Au Sénégal, le nouveau président, Bassirou Diomaye Faye, se prépare à prendre ses fonctions le 2 avril prochain, en remplacement de Macky Sall. Dans une interview accordée à APA, le chercheur sénégalais Ibrahima Kane, spécialiste des questions régionales en Afrique, analyse les enjeux de cette victoire et les défis qui attendent le cinquième président sénégalais du Sénégal.
Les résultats de l’élection présidentielle au Sénégal, tenue dimanche 24 mars, confirment la victoire de Bassirou Diomaye Faye au premier tour, avec 54,28% des voix. Quels sont les facteurs de ce succès ?
Cette élection ressemblait davantage à un référendum qu’à une élection présidentielle, étant donné les événements survenus depuis 2021 entre le pouvoir et l’opposition. La crise économique et sécuritaire, les arrestations, la dissolution de l’ex Pastef ont exacerbé les tensions entre l’opposition, menée par Ousmane Sonko et le pouvoir.
Cette élection était un moyen de trancher entre les deux camps et de mettre fin à ce régime aux yeux d’une partie de l’opinion nationale.
On peut faire le parallèle avec la dernière présidentielle au Liberia, où les deux premiers candidats ont recueilli 95% des voix. Au Sénégal, les deux principaux candidats ont totalisé 90% des suffrages. Cela montre que la population voulait se débarrasser du régime de Macky Sall et confier le pouvoir à cette nouvelle équipe pour changer la direction du pays.
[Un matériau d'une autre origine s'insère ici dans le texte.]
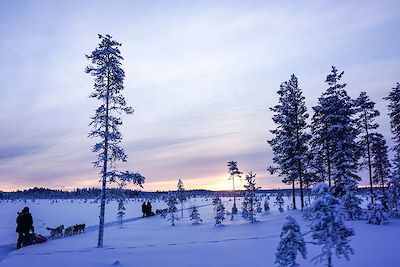 Traîneau à chiens au pays des Sami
Bien que Bassirou Diomaye Faye soit relativement inconnu, les Sénégalais l’ont plébiscité dès le premier tour.
Quel a été le facteur déterminant qui a fait pencher la balance en sa faveur au détriment des autres figures de l’opposition plus connues ?
La perception générale était que l’ex Pastef, la formation de Diomaye Faye et son mentor Ousmane Sonko, était le parti le mieux placé et le plus populaire, incarnant le renouveau politique tant attendu. Les Sénégalais aspiraient à quelque chose de radicalement différent de l’ancienne classe politique, perçue comme déconnectée de la réalité nationale. L’ex Pastef représentait cette nouveauté à travers sa jeunesse et son discours panafricaniste et progressiste, contrairement aux politiciens traditionnels centrés sur eux-mêmes.
Le nouveau président élu est décrit comme un homme d’État inexpérimenté. Est-ce un handicap ?
Un bon dirigeant est celui qui sait coordonner les acteurs et faire fonctionner efficacement l’appareil d’État. Bien que Bassirou Diomaye Faye soit relativement nouveau en politique, son entourage compte des personnes expérimentées, telles que son directeur de campagne, Moustapha Guirassy, et l’ancienne Premier ministre Aminata Touré. Son inexpérience peut même être un atout, apportant une énergie et des idées nouvelles pour réorienter la politique nationale. De plus, Faye, en tant qu’énarque de formation, connaît bien l’administration. L’important est de mettre en œuvre l’agenda proposé aux Sénégalais.
L’élection de Faye survient après une longue crise politique au Sénégal. Quelles devraient être ses priorités une fois au pouvoir ?
Il y a de nombreux défis à relever, notamment sur le plan économique, éducatif, sanitaire, et de gouvernance. Il est crucial de dépolitiser l’administration et de restaurer la confiance des citoyens envers l’État. Il faut également réformer les services de sécurité et la justice, et réorienter les investissements pour répondre aux besoins urgents de la population. La gestion de la dette et la transition vers une économie plus solide seront également des priorités.
Le président Diomaye Faye a promis de mettre en œuvre un programme souverainiste et panafricain, mais cela suscite des interrogations sur les relations avec les partenaires étrangers. Comment pourrait-il opérer cette « rupture » ?
La rupture pourrait intervenir lorsque les ressources naturelles, comme le gaz et le pétrole, auront un impact sur l’économie. Faye souhaite renforcer le panafricanisme et promouvoir l’intégration régionale, ce qui pourrait conduire à des réformes dans les relations avec les partenaires étrangers. La sortie du franc CFA est également envisagée, mais cela prendra du temps.
Quel impact cette alternance pacifique pourrait-elle avoir en Afrique ?
L’élection d’un jeune président offre un espoir de renouveau politique et de réforme en Afrique. Elle pourrait stimuler le changement de leadership et de gouvernance dans la région, tout en renforçant l’image du Sénégal en tant que modèle démocratique. La démocratie participative, prônée par Faye, pourrait inspirer d’autres pays africains à adopter des pratiques similaires.
Le président élu sénégalais pourrait-il faciliter le retour éventuel de certains pays dans la Cédéao, comme le Mali, le Burkina Faso et le Niger qui se sont retirés récemment de l’organisation régionale ?
Il pourrait jouer un rôle dans le rapprochement avec le Mali, le Burkina Faso et le Niger, en soutenant des initiatives de réforme au sein de la Cédéao. Son mentor, Ousmane Sonko, entretient des relations avec les dirigeants de ces pays, ce qui pourrait faciliter le dialogue et la réintégration.
Quel pourrait être le rôle Ousmane Sonko auprès de Bassirou D. Faye ?
Sonko doit soutenir le président Faye sans entraver son leadership. Il pourrait jouer un rôle à l’Assemblée nationale pour faire avancer les politiques publiques. Mais il ne devrait pas intégrer l’exécutif pour éviter les conflits de pouvoir et préserver la stabilité politique.